We shut down our development clusters at night to save cost. Recently we deployed Kyverno and now the clusters don't start up correctly. We end up with numerous deployments with ReplicaFailure status. Many pods that do start up have timeout issues such as these:
linkerd:
[ 327.709562s] WARN ThreadId(01) watch{port=4191}: linkerd_app_inbound::policy::api: Unexpected policy controller response; retrying with a backoff grpc.status=Deadline expired before operation could complete grpc.message="initial item not received within timeout"

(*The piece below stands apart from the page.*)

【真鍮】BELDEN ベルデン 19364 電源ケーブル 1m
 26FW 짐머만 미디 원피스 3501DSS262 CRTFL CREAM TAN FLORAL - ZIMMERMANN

[ 327.799936s] WARN ThreadId(02) identity:identity{server.addr=localhost:8080}:controller{addr=localhost:8080}:endpoint{addr=127.0.0.1:8080}: linkerd_reconnect: Failed to connect error=endpoint 127.0.0.1:8080: Connection refused (os error 111) error.sources=[Connection refused (os error 111)]
cert-manager
{"ts":1733843601094.5713,"caller":"app/controller.go:218","msg":"error checking if certificates.cert-manager.io CRD is installed","logger":"cert-manager","err":"failed to get API group resources: unable to retrieve the complete list of server APIs: apiextensions.k8s.io/v1: Get \"https://172.20.0.1:443/apis/apiextensions.k8s.io/v1\": dial tcp 172.20.0.1:443: i/o timeout"}
{"ts":1733843601094.646,"caller":"app/controller.go:225","msg":"error retrieving certificate.cert-manager.io CRDs","logger":"cert-manager","err":"failed to get API group resources: unable to retrieve the complete list of server APIs: apiextensions.k8s.io/v1: Get \"https://172.20.0.1:443/apis/apiextensions.k8s.io/v1\": dial tcp 172.20.0.1:443: i/o timeout"}
{"ts":1733843601094.6948,"caller":"./main.go:43","msg":"error executing command","logger":"cert-manager","err":"failed to get API group resources: unable to retrieve the complete list of server APIs: apiextensions.k8s.io/v1: Get \"https://172.20.0.1:443/apis/apiextensions.k8s.io/v1\": dial tcp 172.20.0.1:443: i/o timeout"}
What appears to be happening is that the Kyverno pods aren't yet available and the webhook fails. Once that happens, I can manually remediate this by removing the validatingwebhookconfiguration and restarting the failed deployments.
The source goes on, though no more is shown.